▸ **Available data**:
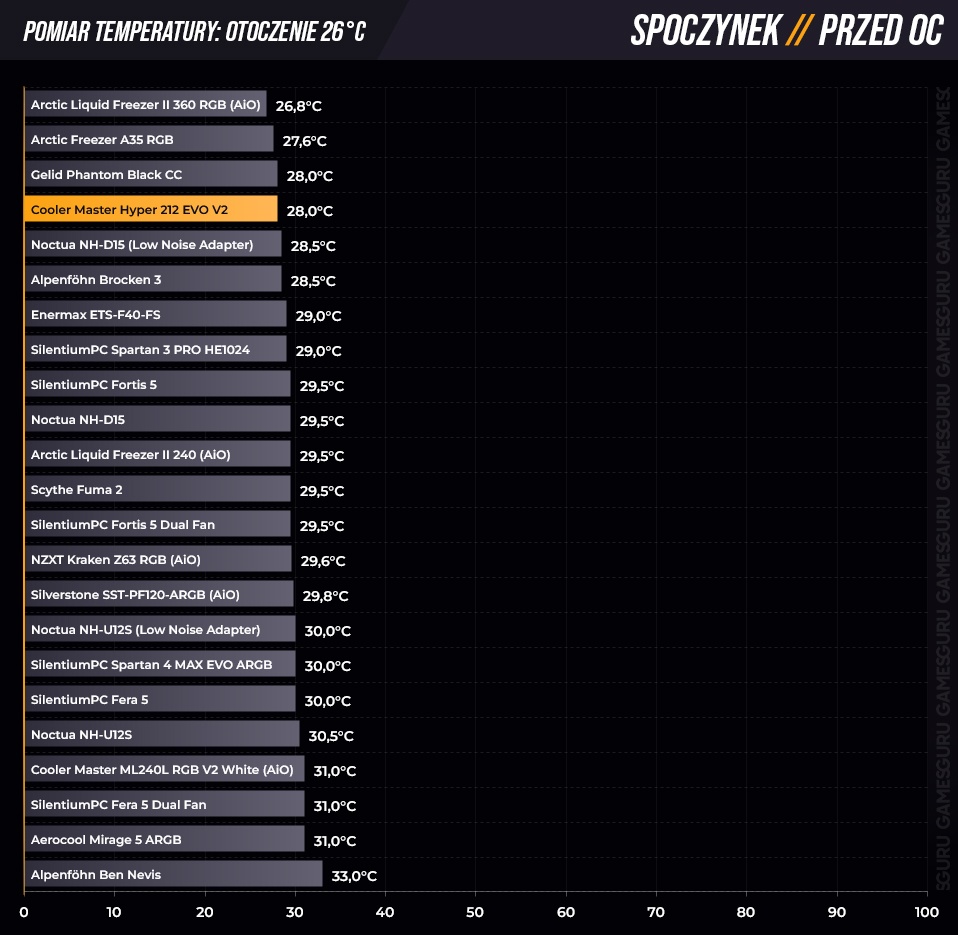 Wykres dla chłodzenia Cooler Master Hyper 212 EVO V2 z wynikami testu temperatury przed OC w spoczynku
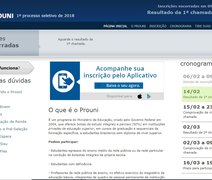 Prouni divulga resultado com listas de aprovados nesta quarta-feira (14)
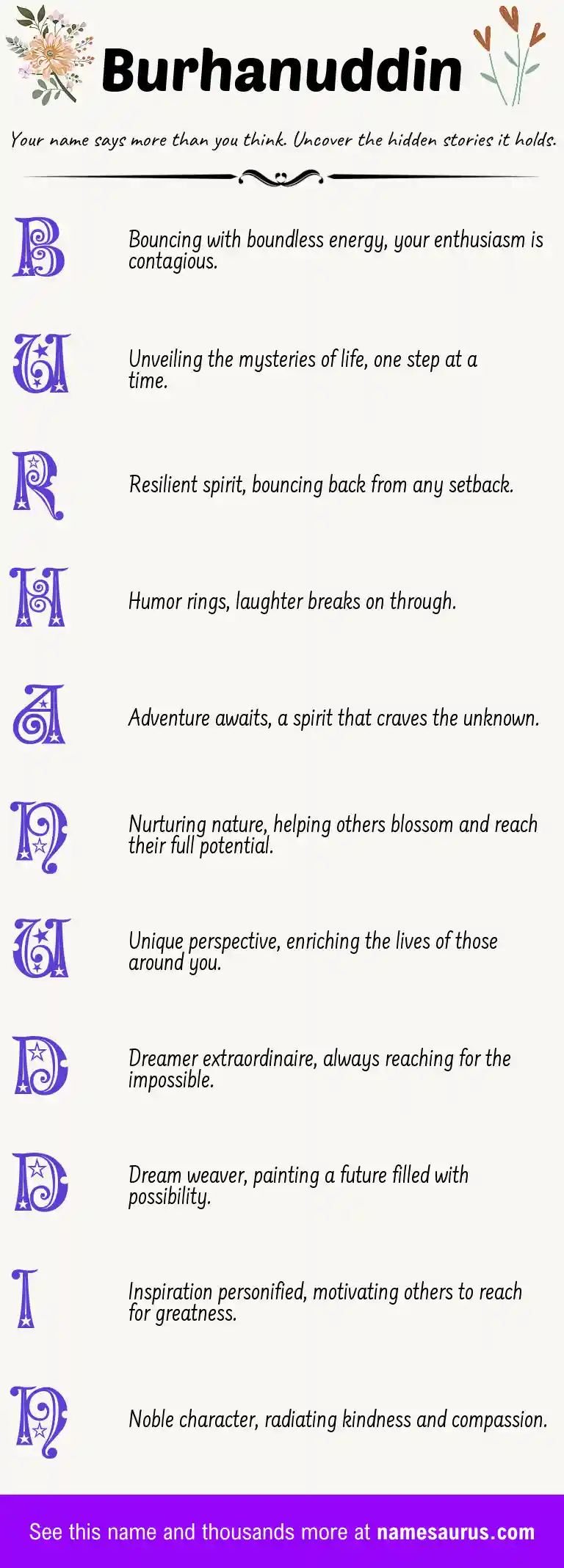 Acrostic poem about Burhanuddin.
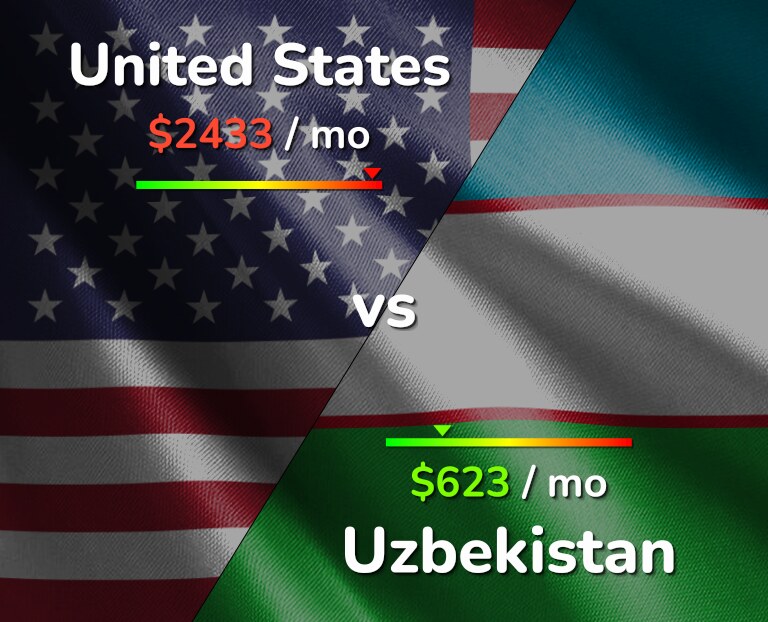 Cost of living in United States vs Uzbekistan infographic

▸ **About this exercise**:
Write out exactly the lines between the start of the data and the line with "Acrostic poem about Burhanuddin.", including both, but none of the pictures.

▸ **Reply to the task**:
 Wykres dla chłodzenia Cooler Master Hyper 212 EVO V2 z wynikami testu temperatury przed OC w spoczynku
 Prouni divulga resultado com listas de aprovados nesta quarta-feira (14)
 Acrostic poem about Burhanuddin.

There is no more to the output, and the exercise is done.